When it comes to your tax records, there’s one record that you really should keep, and it’s easily overlooked. It’s the mileage log.

In an IRS audit, the mileage log often creates the first impression of your tax records. Whether you use the IRS mileage rate method or the actual expense method, you need a written record that proves your business percentage of use.

Various records can be used, but the IRS three-month sampling record is the preferred choice for those who know about it. With this method, you keep a mileage log for three months and then apply that three-month business percentage to either

  • the miles you drove for the year (mileage method), or
  • the expenses you incurred for the year (actual expense method).

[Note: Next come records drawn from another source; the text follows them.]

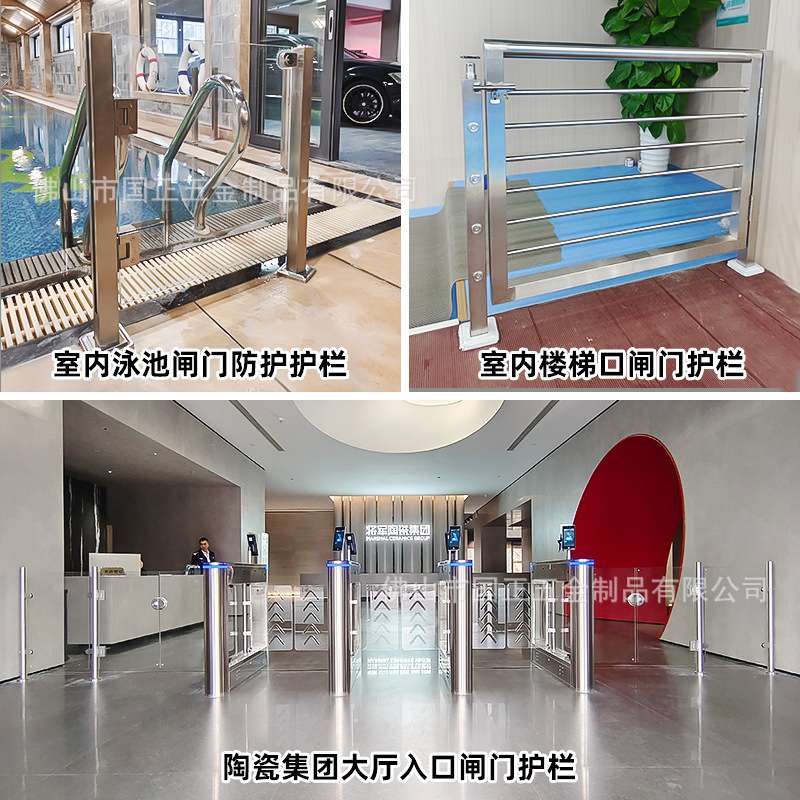 办公楼闸门玻璃立柱地铁工程不锈钢玻璃护栏 别墅泳池玻璃围栏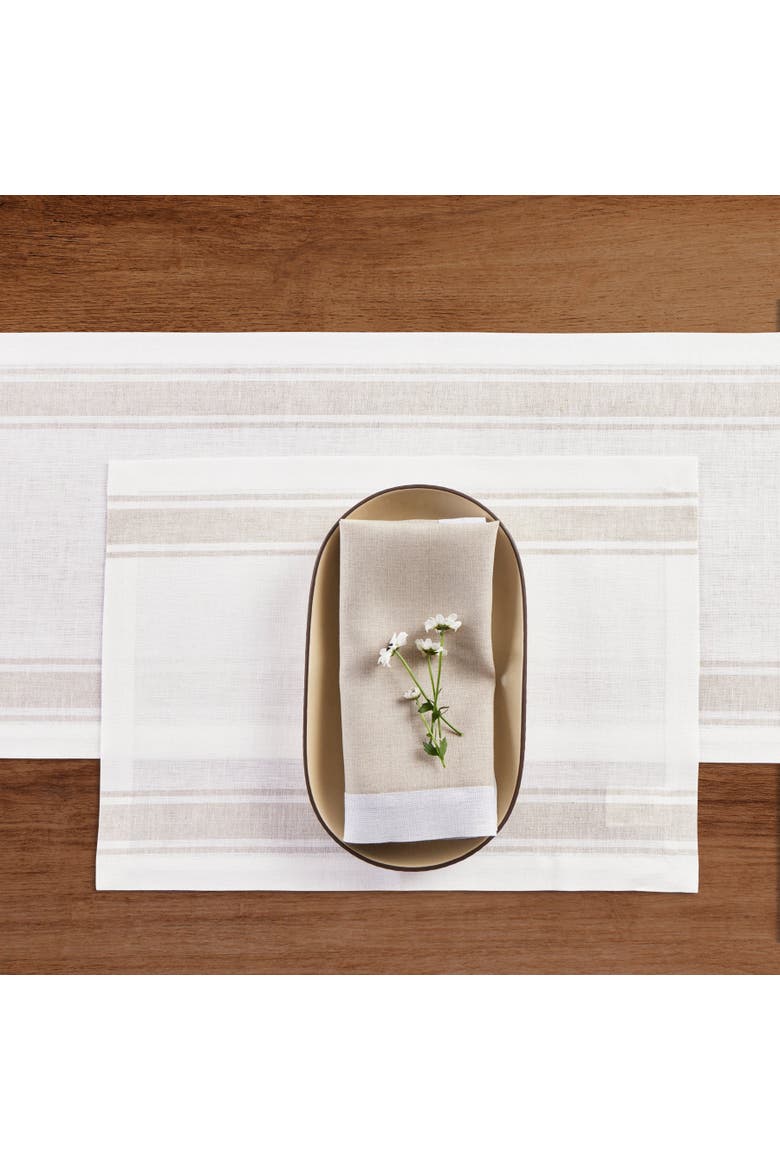 Linen Placemats - Country Stripe, Alternate, color, White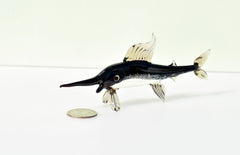 Handmade Glass Marlin Figurine: Collectible Art Glass Fish, 6 Inch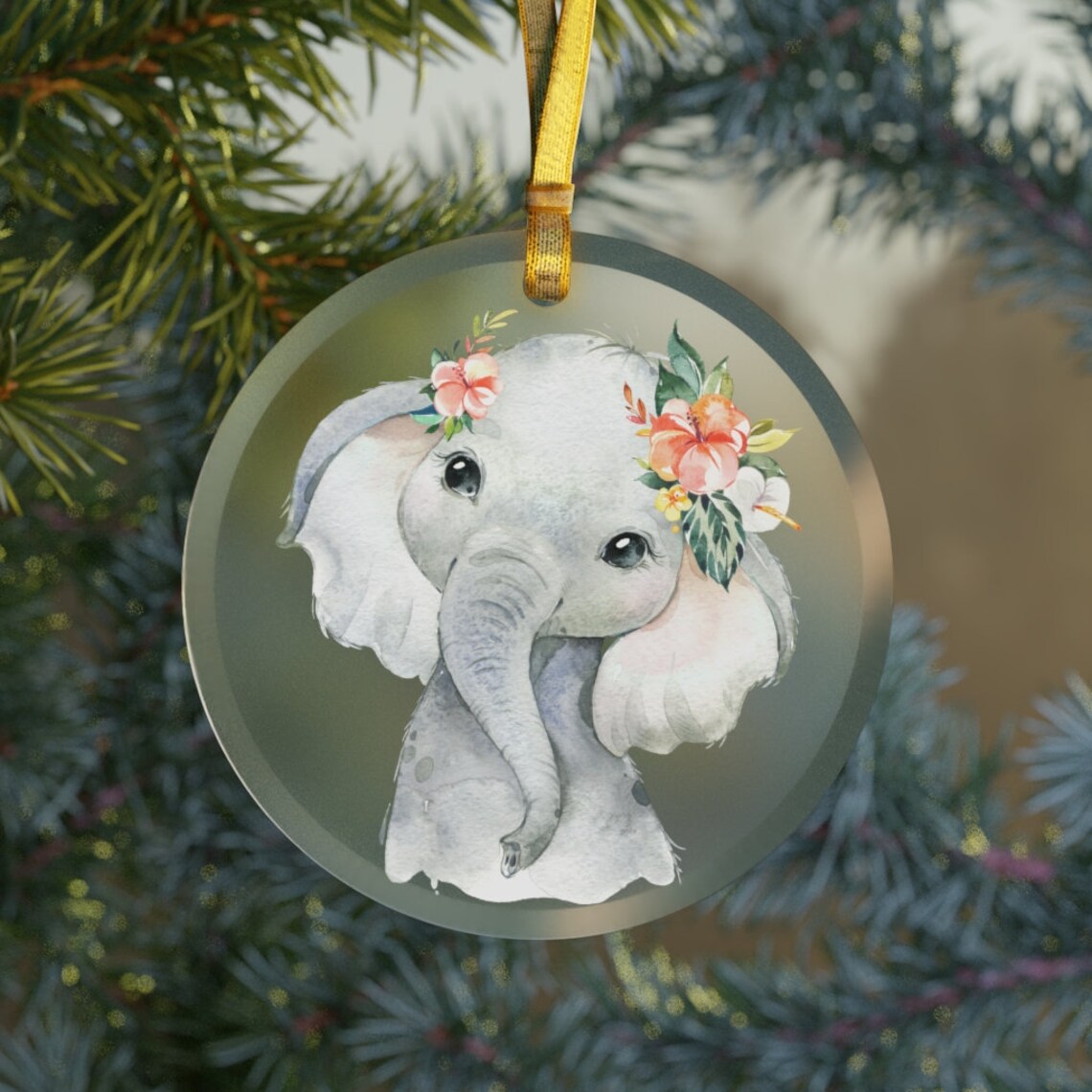 Baby Elephant Glass Ornament Keepsake Stocking Stuffer Etsy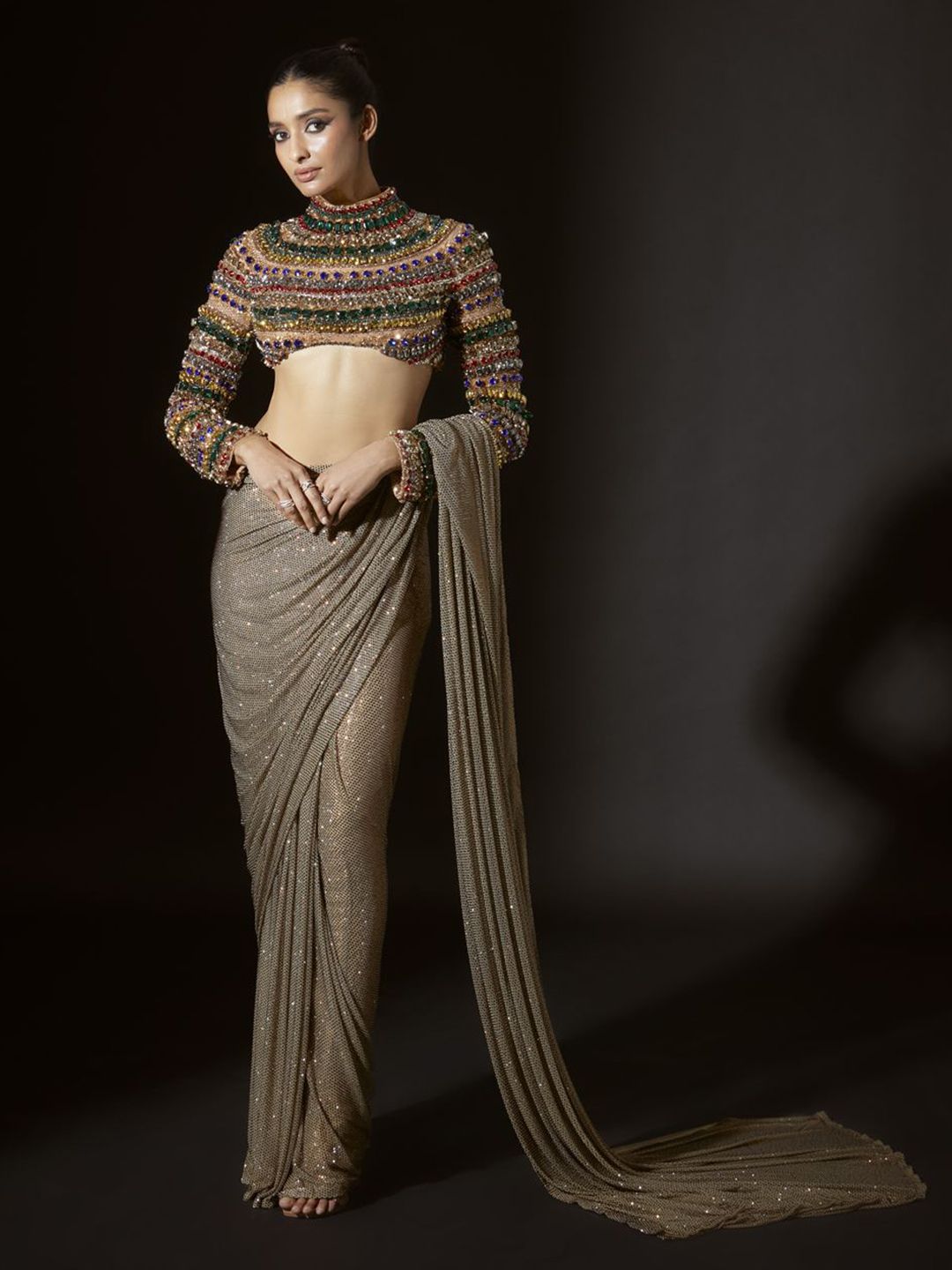 ITRH Embellished Ready to Wear Net Saree-image-18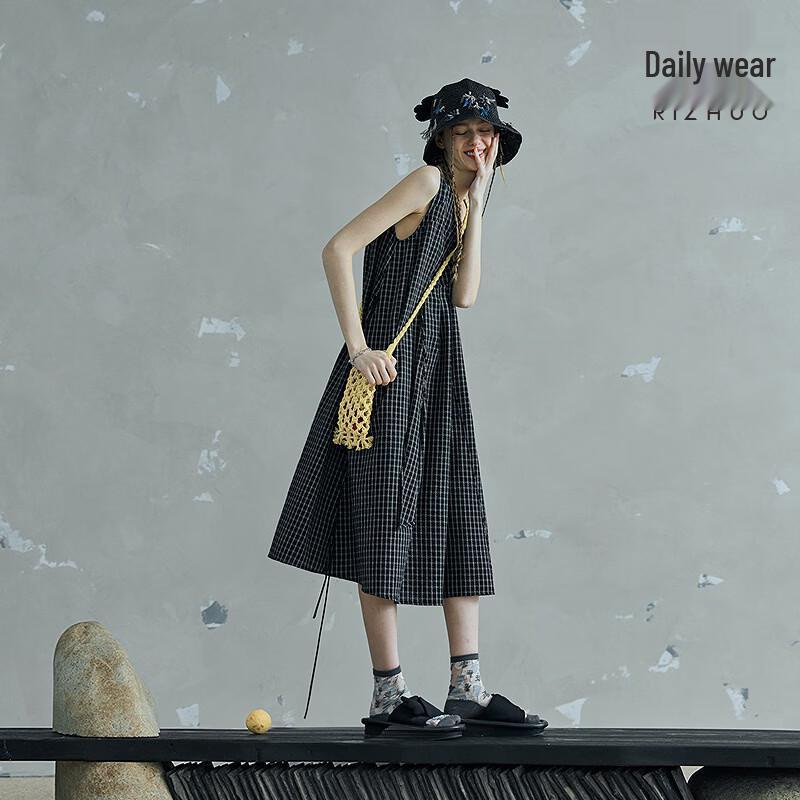 Rizhuo Women s Tile Grid Sleeveless A-line Dress M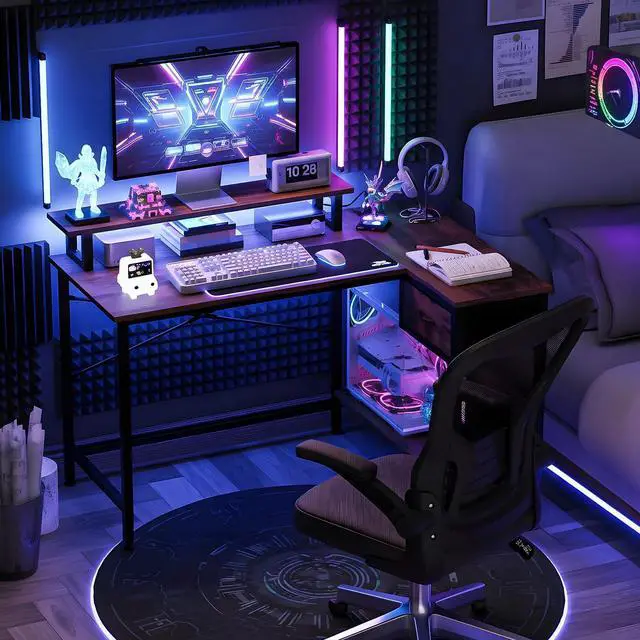 Alt view image 4 of 6 - L Shaped Gaming Desk with Power Outlets and LED Lights, 43 Inch Computer Desk with Charging Port (Rustic Brown)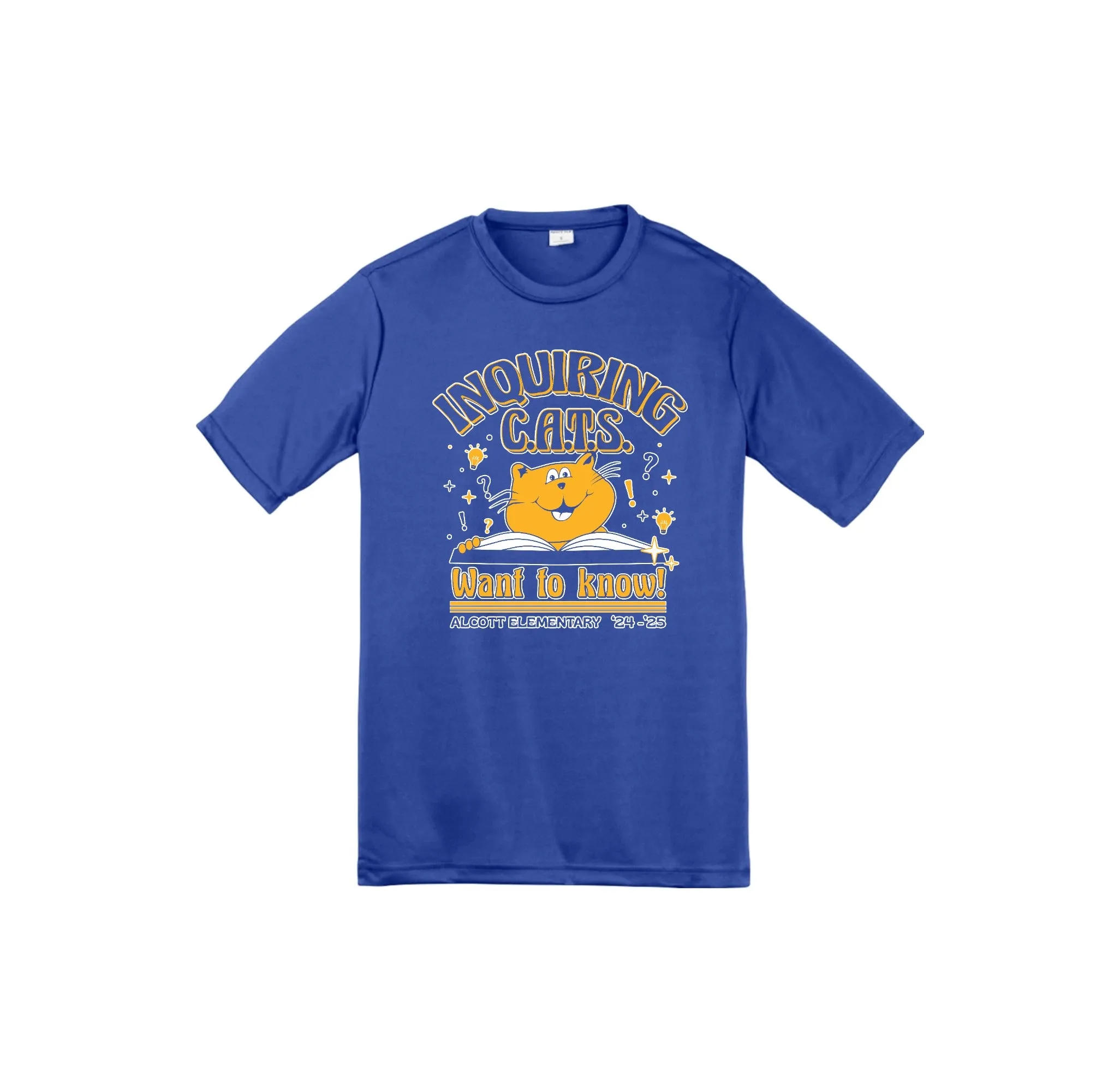 Alcott Elementary-Youth Unisex Dri-Fit Shirt On-Demand Inquiring Cat Logo
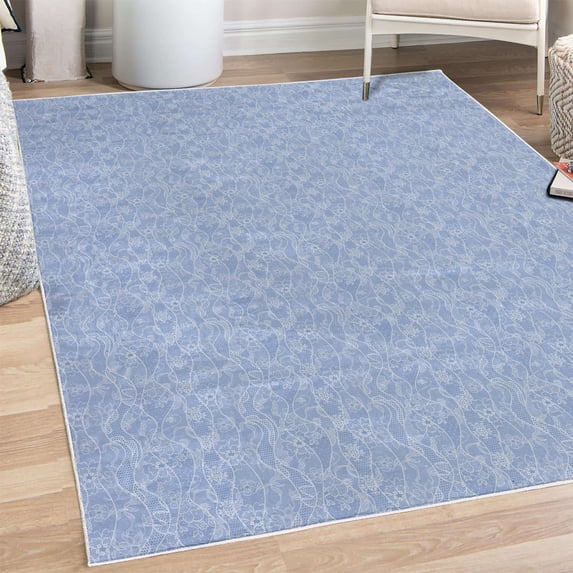 Vintage Decorative Rug, Lace Pattern Backdrop with Floral Composition Victorian Inspirations Wedding, Quality Carpet for Bedroom Dorm and Living Room, 6 Sizes, Pale Azure, by Ambesonne
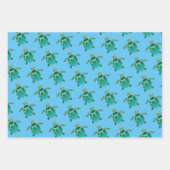 Waterverf Zee Turtles Gift Wrap Trio Inpakpapier Vel (Voorkant 3)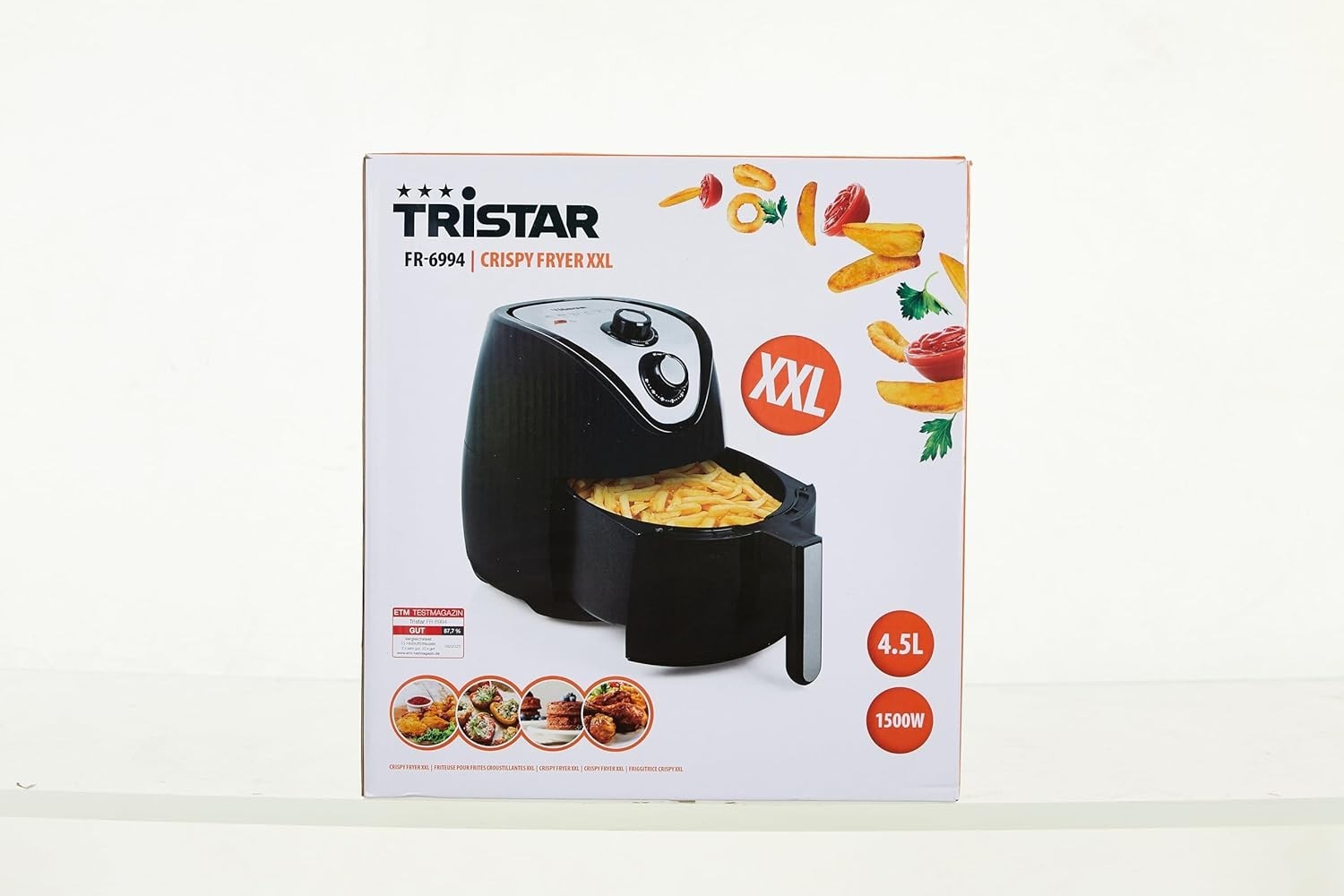Air Fryer XXL 4.5L | Low-Oil Crisping, Temp Control, Non-Stick, Bake Grill Roast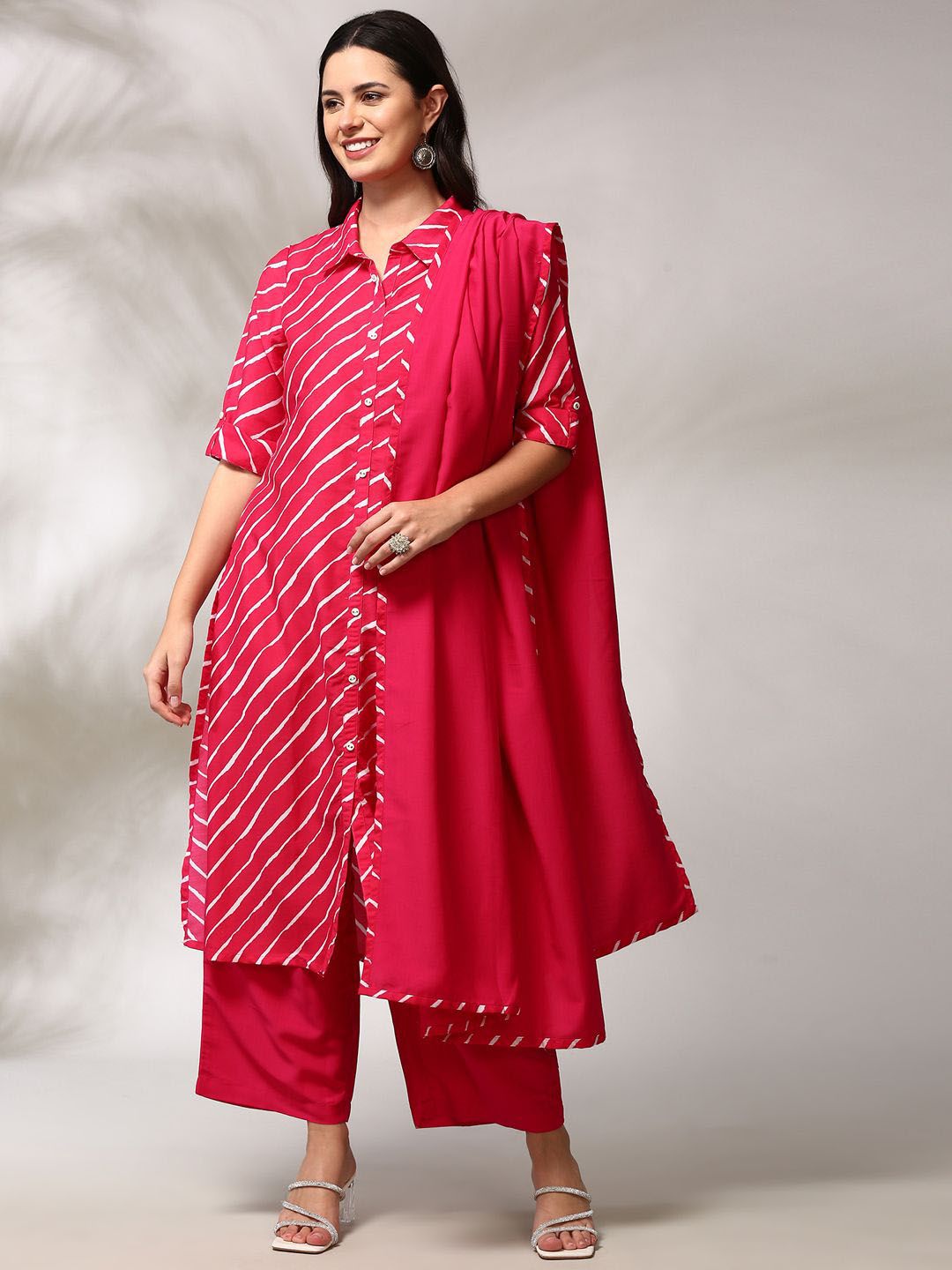Anouk Leheriya Regular A-Line Kurta with Trousers & Dupatta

The three months must be consecutive and must represent your driving pattern.

With respect to keeping your mileage log, think (and thank) technology, particularly the GPS. You can find very affordable apps that work with your smartphone, such as Mileage Expense Log, Mile IQ, and Trip Log. These apps track where you go and where you stop, and that takes away a big part of the record-keeping hassle.

If you drive more than one vehicle for business, you may want to avoid the smartphone apps and use a separate mileage tracker in each vehicle. Separate mileage trackers are devices that plug into the vehicle and don’t use your smartphone.

Technology can track your mileage and your stops, but you need a little more. Make sure you also add the business reason for the stops. This takes a few minutes, but it’s critical. Don’t skip this step.